Sur les frais irrépétibles
L’article 700 du code de procédure civile dispose que le juge condamne la partie tenue aux dépens ou qui perd son procès à payer à l’autre partie la somme qu’il détermine, au titre des frais exposés et non compris dans les dépens. Dans tous les cas, le juge tient compte de l’équité ou de la situation économique de la partie condamnée. Il peut, même d’office, pour des raisons tirées des mêmes considérations, dire qu’il n’y a pas lieu à cette condamnation.
Il convient, en tenant compte de l’équité et de la situation économique respective des parties, de rejeter la demande de paiement de la somme de 150 euros de l’EPIC Pas de Calais Habitat au titre des dispositions de l’article 700 du code de procédure civile.
PAR CES MOTIFS
Le juge des contentieux de la protection, statuant en premier ressort par jugement réputé contradictoire rendu par mise à disposition au greffe,
DECLARE recevable l’action tendant au constat de la résiliation de bail ;
DECLARE mal fondée la demande tendant au constat de la résiliation du bail et la REJETTE ;
CONDAMNE solidairement M. [T] [K] et Mme [O] [K] née [K] à payer à l’EPIC Pas de Calais Habitat la somme de 3714,51 euros, avec intérêts au taux légal à compter de la date du présent jugement;.

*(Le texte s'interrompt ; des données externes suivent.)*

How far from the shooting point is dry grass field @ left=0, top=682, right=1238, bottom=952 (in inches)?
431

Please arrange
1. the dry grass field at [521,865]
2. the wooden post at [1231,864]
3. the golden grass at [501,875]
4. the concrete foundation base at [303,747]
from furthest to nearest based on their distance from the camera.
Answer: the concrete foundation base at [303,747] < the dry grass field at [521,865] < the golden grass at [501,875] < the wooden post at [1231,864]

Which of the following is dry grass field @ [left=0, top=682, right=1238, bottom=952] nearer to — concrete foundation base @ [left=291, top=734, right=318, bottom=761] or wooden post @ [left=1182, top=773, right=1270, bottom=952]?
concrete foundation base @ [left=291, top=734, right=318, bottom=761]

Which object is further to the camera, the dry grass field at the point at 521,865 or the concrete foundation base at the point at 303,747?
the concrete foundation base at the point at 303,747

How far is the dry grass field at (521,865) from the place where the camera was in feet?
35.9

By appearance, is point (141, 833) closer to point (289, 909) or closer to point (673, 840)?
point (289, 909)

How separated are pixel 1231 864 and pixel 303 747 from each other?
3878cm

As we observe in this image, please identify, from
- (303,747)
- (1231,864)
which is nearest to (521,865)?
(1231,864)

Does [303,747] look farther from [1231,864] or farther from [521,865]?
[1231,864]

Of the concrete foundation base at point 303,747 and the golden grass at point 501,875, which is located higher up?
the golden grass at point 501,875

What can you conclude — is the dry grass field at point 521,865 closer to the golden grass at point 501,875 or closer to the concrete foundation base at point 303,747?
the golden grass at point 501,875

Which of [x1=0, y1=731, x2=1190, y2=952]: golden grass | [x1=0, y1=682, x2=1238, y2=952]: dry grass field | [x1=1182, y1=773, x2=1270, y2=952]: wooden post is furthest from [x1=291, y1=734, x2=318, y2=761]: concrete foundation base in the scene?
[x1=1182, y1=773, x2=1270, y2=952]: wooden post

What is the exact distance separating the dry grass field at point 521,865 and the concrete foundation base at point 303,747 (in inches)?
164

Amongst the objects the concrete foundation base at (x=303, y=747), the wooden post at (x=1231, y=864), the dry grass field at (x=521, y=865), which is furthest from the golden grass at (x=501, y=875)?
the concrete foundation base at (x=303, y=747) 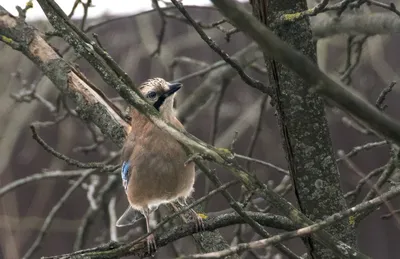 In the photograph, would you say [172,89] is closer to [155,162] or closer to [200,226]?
[155,162]

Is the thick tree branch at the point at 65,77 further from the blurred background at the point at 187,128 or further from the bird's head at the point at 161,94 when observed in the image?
the blurred background at the point at 187,128

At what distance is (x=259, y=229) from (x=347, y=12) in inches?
81.4

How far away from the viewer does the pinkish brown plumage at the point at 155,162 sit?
8.86 ft

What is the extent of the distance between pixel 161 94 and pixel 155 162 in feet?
1.09

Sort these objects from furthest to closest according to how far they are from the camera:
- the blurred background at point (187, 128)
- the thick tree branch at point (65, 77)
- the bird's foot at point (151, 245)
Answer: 1. the blurred background at point (187, 128)
2. the thick tree branch at point (65, 77)
3. the bird's foot at point (151, 245)

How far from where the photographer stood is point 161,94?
2.88 meters

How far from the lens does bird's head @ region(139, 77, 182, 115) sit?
2.87 metres

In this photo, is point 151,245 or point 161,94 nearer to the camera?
point 151,245

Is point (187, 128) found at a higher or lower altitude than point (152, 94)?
higher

ACCORDE à Mme [O] [K] née [K] un délai de 36 mois pour s’acquitter de sa dette par échéances mensuelles de 103,18 euros en plus du loyer courant, la dernière mensualité venant solder la dette en principal, intérêts et frais, à compter du 10 du mois suivant la signification du présent jugement;
DIT que les mensualités versées par Mme [O] [K] née [K] en sus du loyer courant s’imputeront d’abord sur le capital dû;
DIT qu’à défaut de paiement de toute mensualité, qu’elle soit due au titre du loyer et des charges courants ou de l’arriéré, restée impayée quinze jours après l’envoi d’une mise en demeure par lettre recommandée avec avis de réception, le solde de la dette deviendra immédiatement exigible ;
CONDAMNE solidairement M. [T] [K] et Mme [O] [K] née [K] au paiement des dépens, à l’exclusion du commandement de payer du 06 mars 2025 invalidé par le tribunal ;
REJETTE la demande en paiement de la somme de 150 euros de l’EPIC Pas de Calais Habitat au titre de l’article 700 du code de procédure civile et l’en déboute.
REJETTE toutes autres demandes des parties.